Mobile as we understand it is either completely off limits (iOS) or unaccustomed to keyboard and mouse input (Android).
So if you are in the business of selling subscriptions and in-app upgrades to game software that requires keyboards, mice, and untrammeled billing pathways, what are your options for addressing new markets?
There is one: quasi-consoles. Stationary (TELEVISION OR MONITOR OVER HDMI) Android (LINUX) Consoles (MOUSE, KEYBOARD, CONTROLLER SUPPORT) with untrammeled billing pathways (BATTLE.NET) at dramatically lower price points than the existing options ($100) that will enable less-engaged gamers (ME) easy one-click access to pre-existing titles (WORLD OF WARCRAFT).
And in order to do that you first need your titles running on a Linux stack, addressing OpenGL hardware.
Which is what Blizzard Activision is (allegedly) doing.
I'd imagine that Valve would use their own Linux Distro for their Linux Steam client. When they make the GabeCube or whatever, it will run Linux with the Steam Client for Linux and play in TV mode for TV sets. I'd imagine it would also have Netflix, Hulu apps and other stuff added as well to compete with other video game consoles.
Since a lot of classic video games are DOS based, they'd just have to use the Linux version of DOSBox to run them, which shouldn't be too hard. In Windows games like Doom, Dark Forces, etc run in the Windows version of DOSBox when bought from Steam. I'm imagining Steam would also port their Sega Genesis emulator to Linux and other things as well.
I'd really like to see the Linux based GabeCube or whatever they call it (SteamTV?) that doesn't require a Windows license and can play most video games from Steam.
It has been nicknamed "SteamBox" by the rumormill.
Also, I hope they don't roll their own distro. Customizing an existing distro seems like a much better idea. Considering Steam Linux is currently targeted at Ubuntu, I'm guessing that's the distro of choice.

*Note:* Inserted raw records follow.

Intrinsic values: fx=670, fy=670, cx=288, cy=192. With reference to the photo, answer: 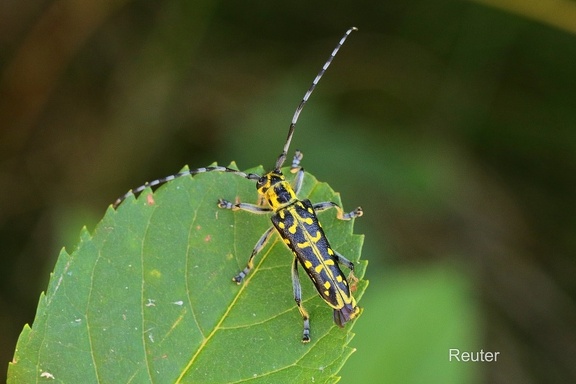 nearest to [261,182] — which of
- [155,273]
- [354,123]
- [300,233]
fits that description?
[300,233]

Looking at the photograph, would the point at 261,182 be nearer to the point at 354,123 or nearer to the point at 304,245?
the point at 304,245


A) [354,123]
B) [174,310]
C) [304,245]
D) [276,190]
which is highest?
[354,123]

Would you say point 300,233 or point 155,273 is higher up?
point 300,233

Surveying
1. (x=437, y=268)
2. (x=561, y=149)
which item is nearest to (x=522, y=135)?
(x=561, y=149)

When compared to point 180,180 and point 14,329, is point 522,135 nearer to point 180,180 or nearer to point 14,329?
point 180,180

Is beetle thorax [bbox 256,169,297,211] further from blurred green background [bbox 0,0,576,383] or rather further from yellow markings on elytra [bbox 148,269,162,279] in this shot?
blurred green background [bbox 0,0,576,383]

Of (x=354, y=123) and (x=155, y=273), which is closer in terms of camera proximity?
(x=155, y=273)

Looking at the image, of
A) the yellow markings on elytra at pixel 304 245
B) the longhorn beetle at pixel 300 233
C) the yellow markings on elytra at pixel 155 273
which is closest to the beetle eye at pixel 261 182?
the longhorn beetle at pixel 300 233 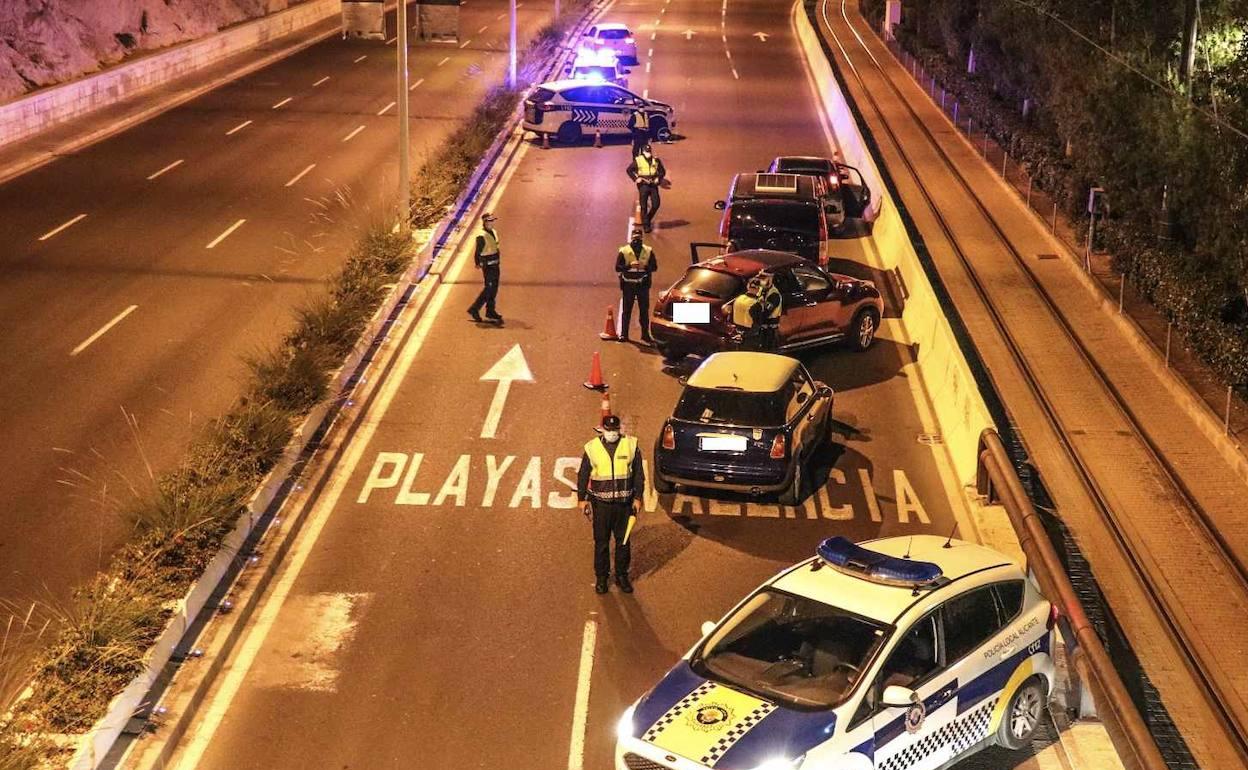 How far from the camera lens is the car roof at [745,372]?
16.5m

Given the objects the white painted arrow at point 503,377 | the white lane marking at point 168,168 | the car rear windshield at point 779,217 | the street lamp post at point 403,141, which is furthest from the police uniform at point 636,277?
the white lane marking at point 168,168

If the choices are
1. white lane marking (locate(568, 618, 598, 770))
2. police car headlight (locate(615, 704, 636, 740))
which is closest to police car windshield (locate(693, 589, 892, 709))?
police car headlight (locate(615, 704, 636, 740))

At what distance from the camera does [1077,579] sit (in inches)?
565

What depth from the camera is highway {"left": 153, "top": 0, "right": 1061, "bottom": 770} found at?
38.0 feet

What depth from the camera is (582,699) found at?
12.0 m

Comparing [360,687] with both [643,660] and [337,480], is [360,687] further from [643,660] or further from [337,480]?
[337,480]

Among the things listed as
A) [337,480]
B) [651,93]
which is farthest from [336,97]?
[337,480]

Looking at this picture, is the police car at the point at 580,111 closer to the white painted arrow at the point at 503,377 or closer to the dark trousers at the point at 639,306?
the dark trousers at the point at 639,306

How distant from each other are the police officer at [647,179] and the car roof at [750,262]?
6.45 m

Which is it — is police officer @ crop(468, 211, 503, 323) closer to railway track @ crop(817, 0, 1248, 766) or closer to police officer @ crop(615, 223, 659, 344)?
police officer @ crop(615, 223, 659, 344)

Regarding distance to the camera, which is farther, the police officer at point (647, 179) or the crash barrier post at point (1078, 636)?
the police officer at point (647, 179)

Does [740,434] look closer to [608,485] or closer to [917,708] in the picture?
[608,485]

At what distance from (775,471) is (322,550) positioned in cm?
468

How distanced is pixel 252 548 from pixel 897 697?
7.35m
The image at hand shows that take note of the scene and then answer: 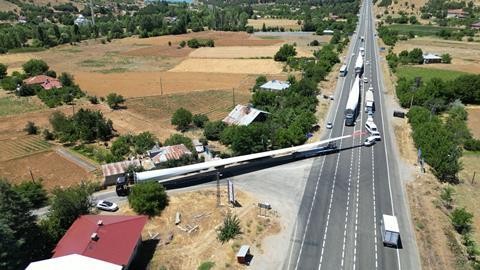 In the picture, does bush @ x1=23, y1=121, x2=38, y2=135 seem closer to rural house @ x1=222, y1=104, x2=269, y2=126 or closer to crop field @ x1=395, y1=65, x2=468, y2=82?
rural house @ x1=222, y1=104, x2=269, y2=126

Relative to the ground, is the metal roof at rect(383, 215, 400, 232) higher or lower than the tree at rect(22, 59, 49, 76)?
lower

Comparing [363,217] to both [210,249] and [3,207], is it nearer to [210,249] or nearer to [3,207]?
[210,249]

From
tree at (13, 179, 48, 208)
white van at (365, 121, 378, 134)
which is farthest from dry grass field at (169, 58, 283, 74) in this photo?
tree at (13, 179, 48, 208)

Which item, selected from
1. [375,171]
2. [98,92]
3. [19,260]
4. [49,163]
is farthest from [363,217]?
[98,92]

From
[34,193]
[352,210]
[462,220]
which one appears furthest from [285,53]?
[34,193]

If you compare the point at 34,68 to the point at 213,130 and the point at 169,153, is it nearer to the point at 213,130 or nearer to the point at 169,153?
the point at 213,130

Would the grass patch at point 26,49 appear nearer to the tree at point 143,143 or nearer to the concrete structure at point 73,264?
the tree at point 143,143

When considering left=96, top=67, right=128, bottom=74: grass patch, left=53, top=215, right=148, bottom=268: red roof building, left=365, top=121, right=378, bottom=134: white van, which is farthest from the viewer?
left=96, top=67, right=128, bottom=74: grass patch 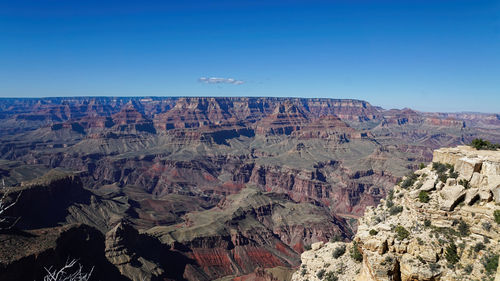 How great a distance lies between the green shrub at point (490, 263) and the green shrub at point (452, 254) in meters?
1.72

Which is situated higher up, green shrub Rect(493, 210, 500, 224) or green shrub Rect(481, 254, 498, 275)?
green shrub Rect(493, 210, 500, 224)

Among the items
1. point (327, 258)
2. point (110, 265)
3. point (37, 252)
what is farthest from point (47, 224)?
point (327, 258)

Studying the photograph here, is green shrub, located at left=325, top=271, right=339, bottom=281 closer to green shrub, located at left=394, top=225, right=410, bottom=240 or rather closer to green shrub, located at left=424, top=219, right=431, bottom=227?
green shrub, located at left=394, top=225, right=410, bottom=240

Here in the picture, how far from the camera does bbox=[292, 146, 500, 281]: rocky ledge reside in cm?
2366

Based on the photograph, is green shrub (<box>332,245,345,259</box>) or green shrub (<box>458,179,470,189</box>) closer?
green shrub (<box>458,179,470,189</box>)

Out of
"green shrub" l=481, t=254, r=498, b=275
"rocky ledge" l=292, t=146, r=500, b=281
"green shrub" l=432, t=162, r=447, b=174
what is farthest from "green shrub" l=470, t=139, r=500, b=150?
"green shrub" l=481, t=254, r=498, b=275

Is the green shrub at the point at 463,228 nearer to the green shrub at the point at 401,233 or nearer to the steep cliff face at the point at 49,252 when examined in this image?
the green shrub at the point at 401,233

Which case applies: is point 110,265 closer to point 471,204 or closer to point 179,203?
point 471,204

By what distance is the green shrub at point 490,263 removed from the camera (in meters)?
22.0

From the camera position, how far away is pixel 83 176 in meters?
197

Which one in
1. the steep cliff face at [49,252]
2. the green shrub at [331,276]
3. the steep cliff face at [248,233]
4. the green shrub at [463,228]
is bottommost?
the steep cliff face at [248,233]

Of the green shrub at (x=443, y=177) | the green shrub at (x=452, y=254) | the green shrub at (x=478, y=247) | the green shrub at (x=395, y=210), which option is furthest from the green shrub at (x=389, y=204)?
the green shrub at (x=478, y=247)

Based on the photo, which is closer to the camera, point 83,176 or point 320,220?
point 320,220

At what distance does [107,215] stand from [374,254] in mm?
127781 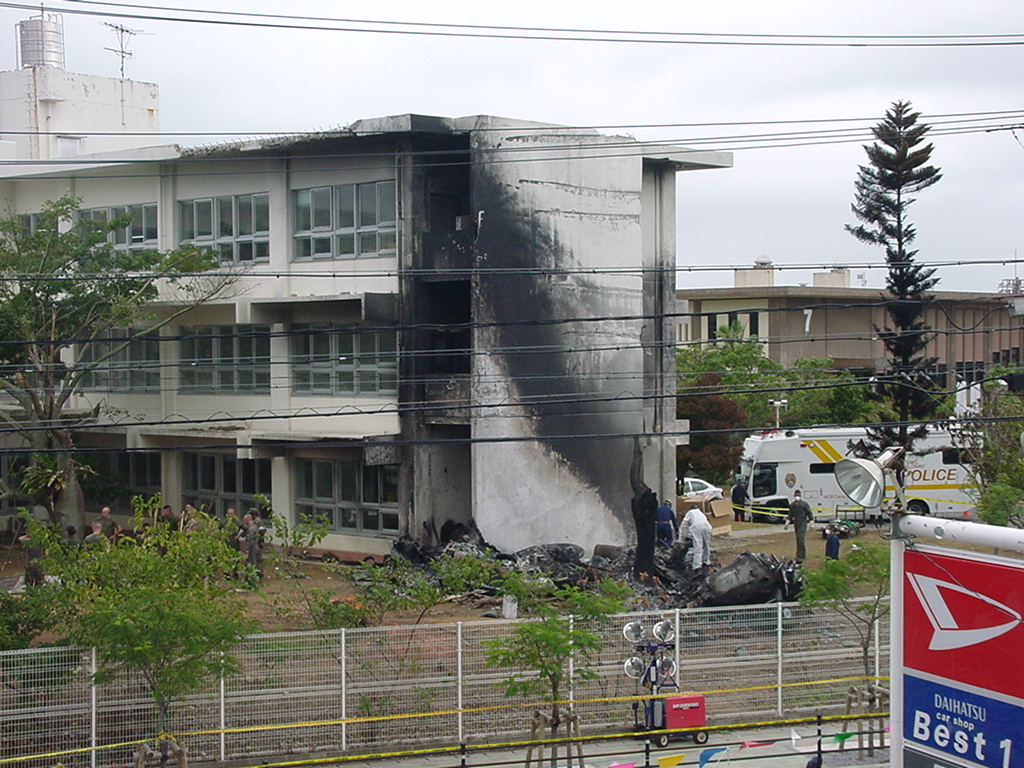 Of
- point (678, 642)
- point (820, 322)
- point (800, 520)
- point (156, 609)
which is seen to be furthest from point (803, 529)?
point (820, 322)

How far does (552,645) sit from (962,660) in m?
7.51

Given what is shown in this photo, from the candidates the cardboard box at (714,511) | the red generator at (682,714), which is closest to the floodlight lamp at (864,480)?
the red generator at (682,714)

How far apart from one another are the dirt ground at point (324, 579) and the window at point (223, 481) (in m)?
4.73

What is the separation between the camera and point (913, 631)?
7.89 meters

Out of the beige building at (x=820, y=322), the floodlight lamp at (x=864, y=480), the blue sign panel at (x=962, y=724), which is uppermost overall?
the beige building at (x=820, y=322)

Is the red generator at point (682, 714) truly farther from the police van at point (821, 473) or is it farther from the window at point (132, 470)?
the window at point (132, 470)

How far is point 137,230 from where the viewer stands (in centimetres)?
3362

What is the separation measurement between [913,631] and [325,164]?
2359 centimetres

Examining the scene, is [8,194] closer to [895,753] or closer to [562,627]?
[562,627]

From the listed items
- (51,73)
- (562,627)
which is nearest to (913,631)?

Good analysis and a good explanation of why I am so bullish on Android. It's going to be much bigger than phones and tablets because it's going to become the go-to application stack for anybody that wants to build a new special-purpose device.
Although they might not use Linux (a mistake in my opinion) rumors say Sony will use full native OpenGL for PS4, and coupled with x86 hardware, it should make it relatively easy for game developers to make a PS4 game and then port it to a Linux machine.
I say: gatekeeper-free subscription gaming appliances.
There's no evidence the total Windows PC experience is getting any better or cheaper for the uninitiated, there's no evidence that Playstation or Microsoft will bend over and allow third party platforms on their consoles, and all of the new-era Desktop App Store UXes force significant technical and billing restrictions that would eat at Activision Blizzard's subscription and in-app business model and reduce their control over the game experience.
And I don't think this is a bet that desktop Linux/x86 is going to be relevant for gaming. It has no inherent advantages over classical Windows.
So I think this is a gamble that new-era quasi-consoles based on Android+Linux/ARM+x86 are going to succeed to some degree (be it the Ouya or Steam Big Picture or some Samsung Generico-Colossus that can spit out WiDi or whatever).
A keyboard, mouse, and controller capable Linux platform with no overarching gatekeeper and adequate gaming horsepower is going to be extraordinarily cheap in the near future. If Blizzard Activision gets their ducks in a row now, they'll be ready to jump into the first one that offers ten million users, a reasonable hardware target, and a bullshit-free content delivery mechanism.